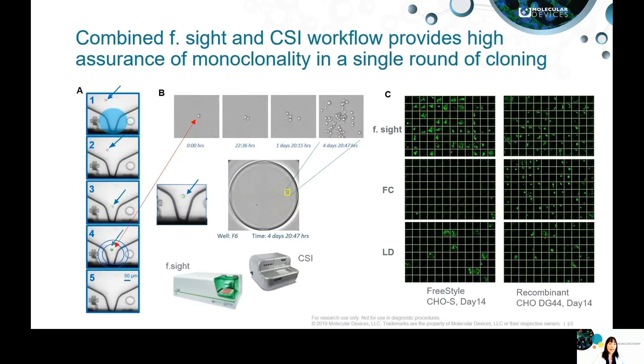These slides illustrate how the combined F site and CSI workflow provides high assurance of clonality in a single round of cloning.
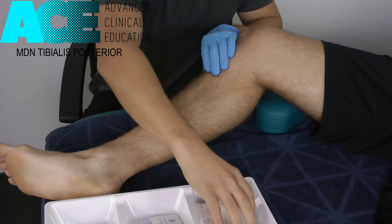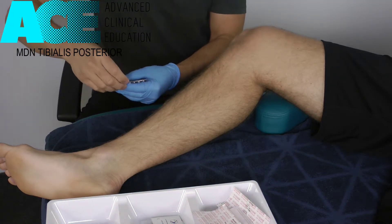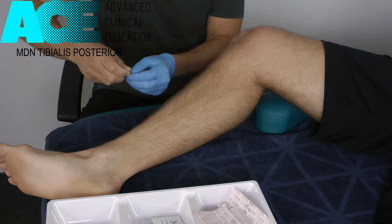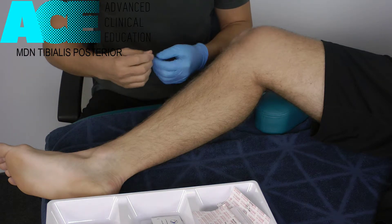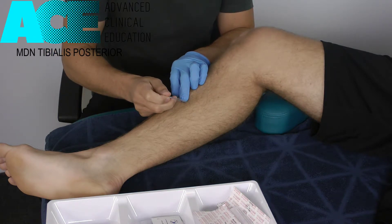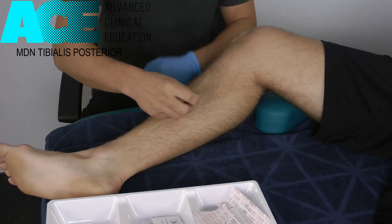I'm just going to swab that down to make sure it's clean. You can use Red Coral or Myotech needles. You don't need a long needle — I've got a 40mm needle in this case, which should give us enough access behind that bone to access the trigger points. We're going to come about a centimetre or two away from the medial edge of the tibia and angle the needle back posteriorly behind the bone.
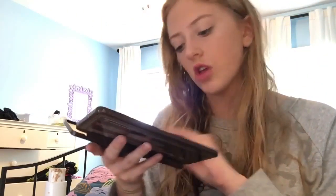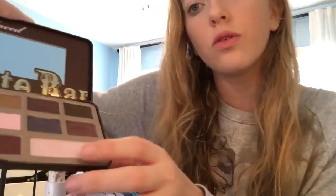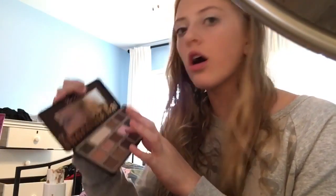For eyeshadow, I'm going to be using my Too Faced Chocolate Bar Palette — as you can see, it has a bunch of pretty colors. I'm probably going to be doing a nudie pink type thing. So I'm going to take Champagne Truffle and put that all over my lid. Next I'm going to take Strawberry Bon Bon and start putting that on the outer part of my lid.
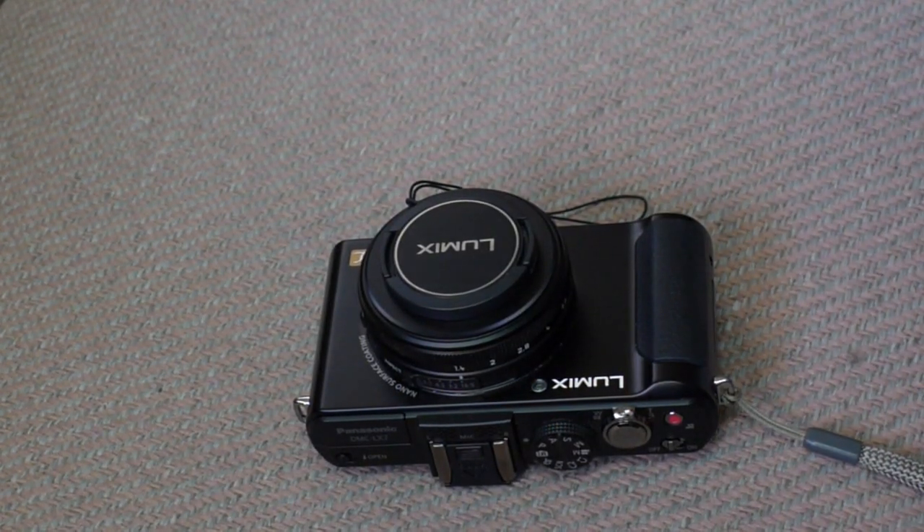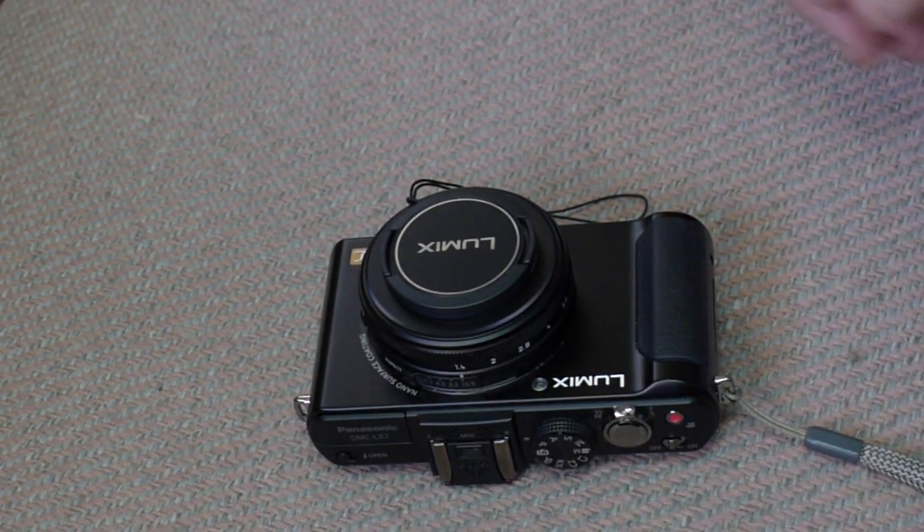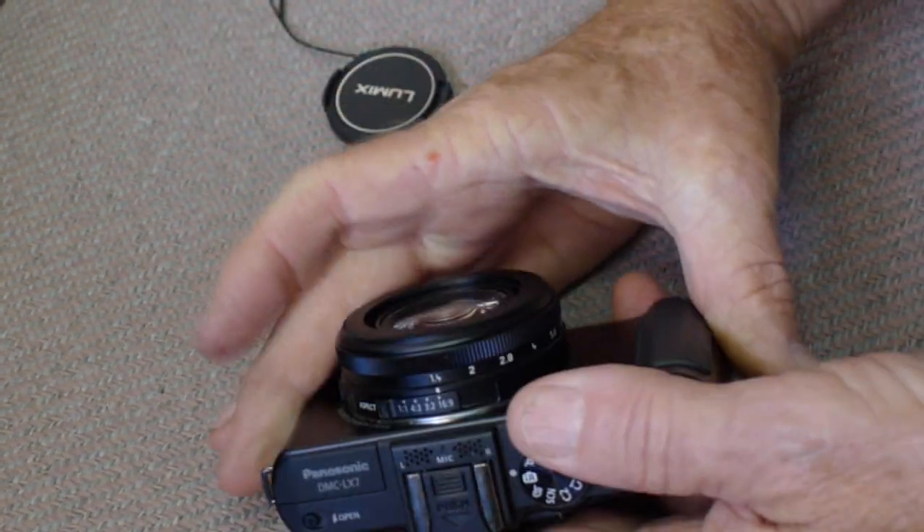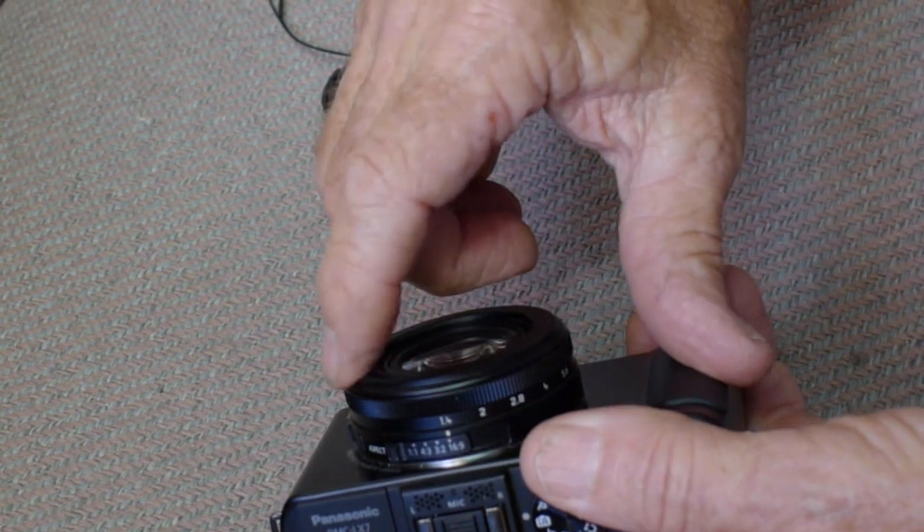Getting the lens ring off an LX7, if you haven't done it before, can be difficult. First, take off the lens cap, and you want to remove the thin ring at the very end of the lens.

[TASK DESCRIPTION]
Copy all the material exactly; omit images.

[REPLY]
These slides illustrate how the combined F site and CSI workflow provides high assurance of clonality in a single round of cloning.
I'm just going to swab that down to make sure it's clean. You can use Red Coral or Myotech needles. You don't need a long needle — I've got a 40mm needle in this case, which should give us enough access behind that bone to access the trigger points. We're going to come about a centimetre or two away from the medial edge of the tibia and angle the needle back posteriorly behind the bone.
For eyeshadow, I'm going to be using my Too Faced Chocolate Bar Palette — as you can see, it has a bunch of pretty colors. I'm probably going to be doing a nudie pink type thing. So I'm going to take Champagne Truffle and put that all over my lid. Next I'm going to take Strawberry Bon Bon and start putting that on the outer part of my lid.
Getting the lens ring off an LX7, if you haven't done it before, can be difficult. First, take off the lens cap, and you want to remove the thin ring at the very end of the lens.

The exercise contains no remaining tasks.